府南寺のアイナシは、江戸時代はすでに1本の大樹でしたが,明治の中頃に一部の信仰心のない愚かな村人により伐採の危機に会ったと伝えられています。当時の住職らがその貴重さに気づき人災、天災から守り抜き、現在は根元から5本の幹が伸び、非常に珍しい状態で高さ10メートル以上に達しています。樹齢300年以上と考えられ、昭和47年4月1日に県の天然記念物に指定されました。
お寺に咲く幾多の危機を乗り越えた歴史ある天然樹木の花です。観光の目的で人工的に植樹された木ではございません。府南寺のアイナシの花は、長い年月が織りなす「自然の恵み・ご縁」かと思われます。

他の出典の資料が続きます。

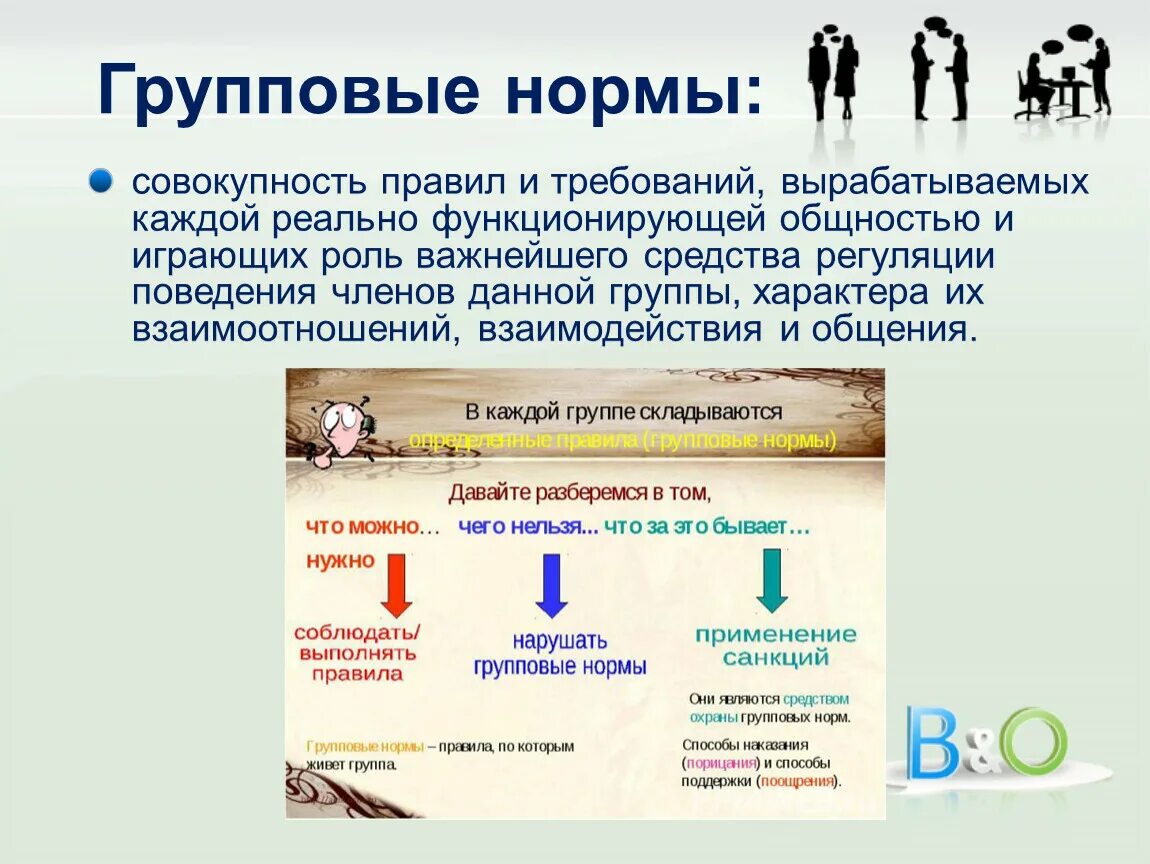 Нормы это совокупность правил и требований. Групповые нормы общения. Это совокупность правил и требований выработанных группой. Норма совокупность требований. Специфика муниципальной службы.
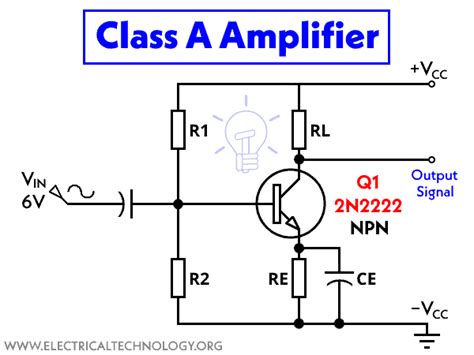 class ab amplifier applications - Patrina Stowe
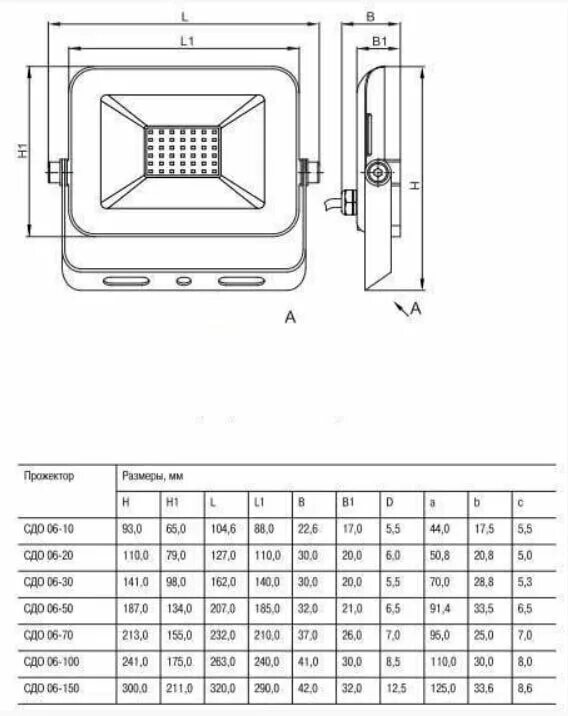 Иэк прожектор светодиодный сдо 06-150. Прожектор светодиодный сдо 06-50 ip65. Прожектор светодиодный 50вт маленькие. Прожектор светодиодный сдо 06. Прожектор светодиодный 70вт сдо-70 5600лм 6500к.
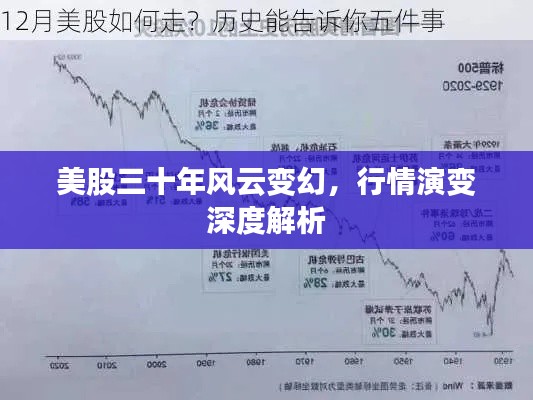 美股三十年风云变幻,行情演变深度解析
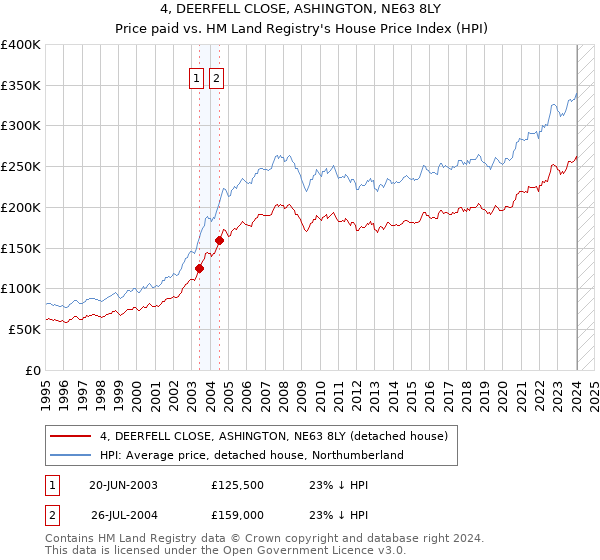 4, DEERFELL CLOSE, ASHINGTON, NE63 8LY: Price paid vs HM Land Registry's House Price Index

まだまだコロナウィルスの影響が拭えません。お花見だけでなく、「今」生きていられることに感謝し、お越しの際は本尊(国府阿弥陀如来、国府千手観世音菩薩)に手を合わせていただきましたら幸いに存じます。その際、般若心経、阿弥陀如来の真言(おん あみりた ていぜい からうん)、千手観世音菩薩の真言(おん ばざら たらま きりく)を唱えていただければなお一層心が穏やかになられることでしょう。残念ながら、老若男女問わず、「生かされている」ことに感謝して手を合わせる習慣のなくなりつつある日本という国ですが、静かに心を整えていただく機会を持っていただければ幸いに存じます。。合掌
なお、アイナシの花が咲く時期になると電話での問い合わせをされる方がお見えになります。法務に支障を及ぼす場合がございますので、どうかお電話での問い合わせはご遠慮ください。